I'm creating a lexer.l file that is working as intended except for one part. I have the rule:

[\(\*.*\*\)] {}

which I want to make it so when I encounter (* this is a test *) in a file, I simply do nothing with it. However when I run lex lexer.l I get warning on lines with rules \(, \*, and \) stating that they can never be met. So I guess my question is why would [\(\*.*\*\)] {} interfere with \( and the others?
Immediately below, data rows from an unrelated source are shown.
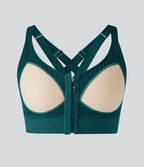 Brassière de sport SpeedWave™ soutien moyen à fermeture éclair et séchage rapide pour running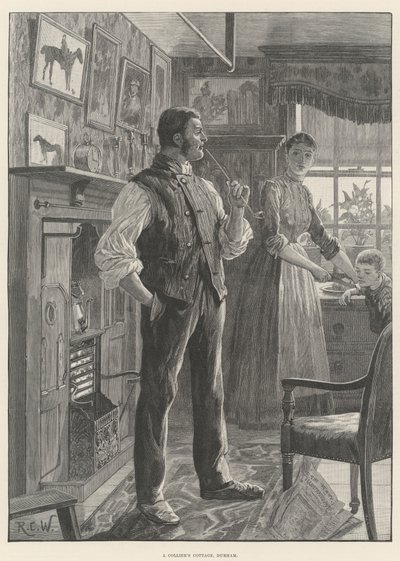 Cottage di un minatore, Durham da Richard Caton Woodville junior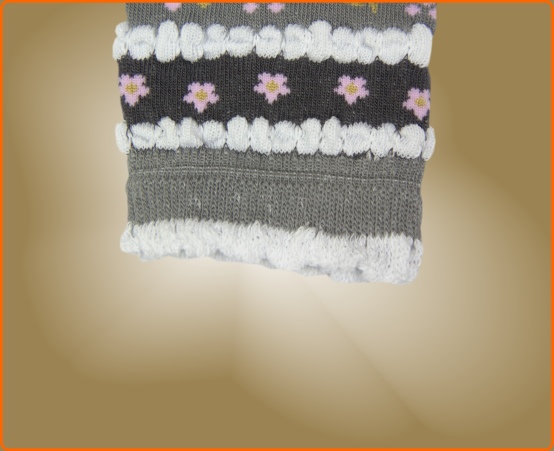 пикот колготы серый. с рисунком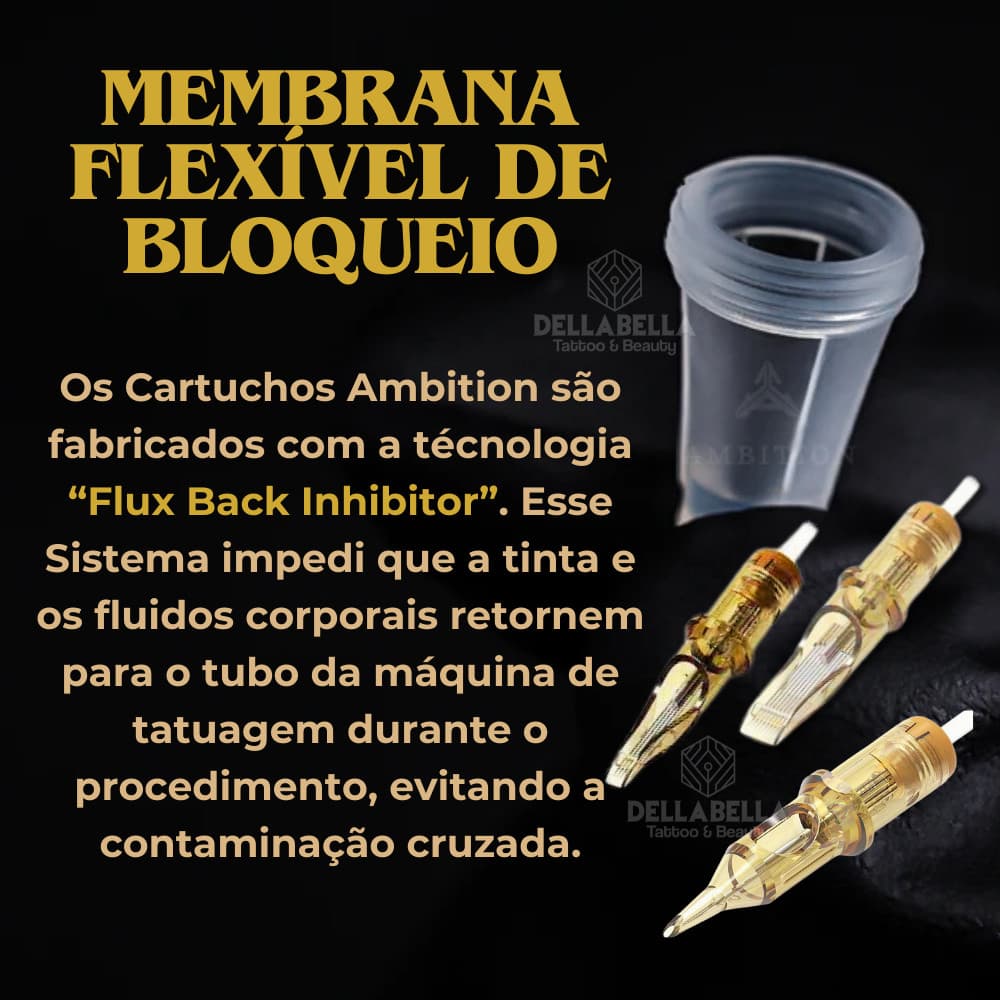 Cartucho Tattoo Premium Profissional XNET/AMBITION 05Und Tatuagem
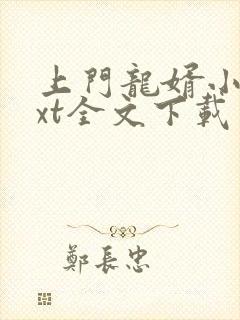 上门龙婿小说txt全文下载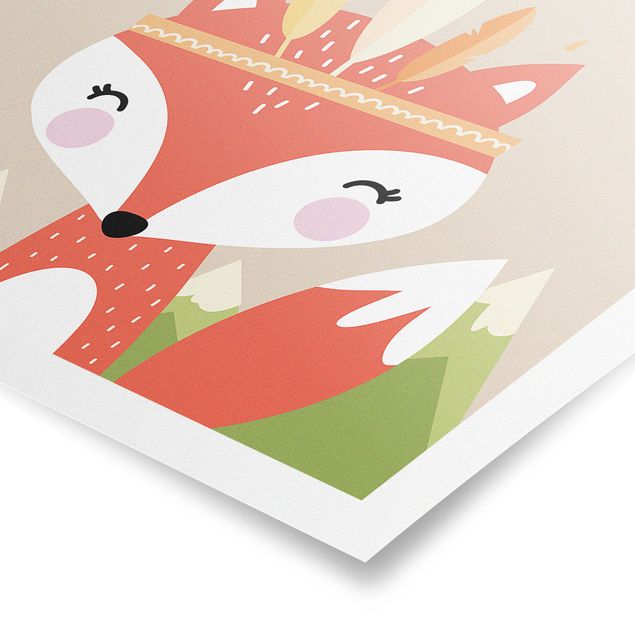 Poster kids room - Indian Fox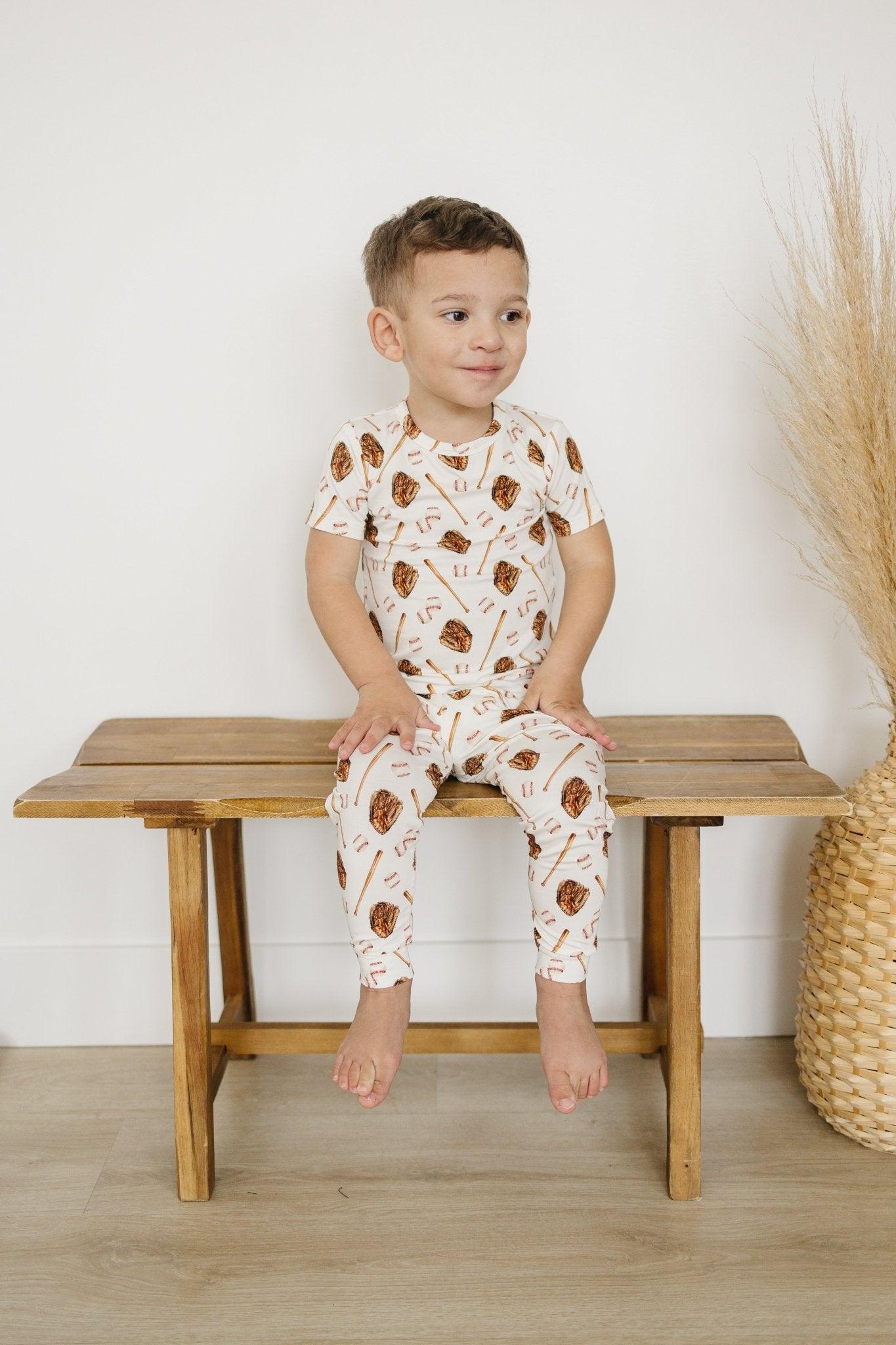 Little Joy Co. Grand Slam 2pc Bamboo Pajama Set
How can I catch (* this is a test *)?

回答1:

Languages with the comment syntax (*…*) typically allow nested comments, and nested comments cannot easily be recognized by (f)lex because the nesting requires a context-free grammar, and the lexical scanner only implements regular languages.

If your comments do not nest (so that (* something (* else *) is a comment, rather than the prefix of a longer comment), then you can use the regular expression

[(][*][^*]*[*]+([^*)][^*]*[*]+)*[)]

If you do require nested comments, you can use start conditions and a stack (or a simulated stack, as below):

%x SC_COMMENT

%%
  int comment_nesting = 0;

"(*"             { BEGIN(SC_COMMENT); }
<SC_COMMENT>{
  "(*"           { ++comment_nesting; }
  "*"+")"        { if (comment_nesting) --comment_nesting;
                   else BEGIN(INITIAL); }
  "*"+           ; 
  [^(*\n]+       ;
  [(]            ; 
  \n             ; 
}

That snippet was taken from this answer, with a small adjustment because that answer recognizes nested /*…*/ comments. A fuller explanation of the code appears there.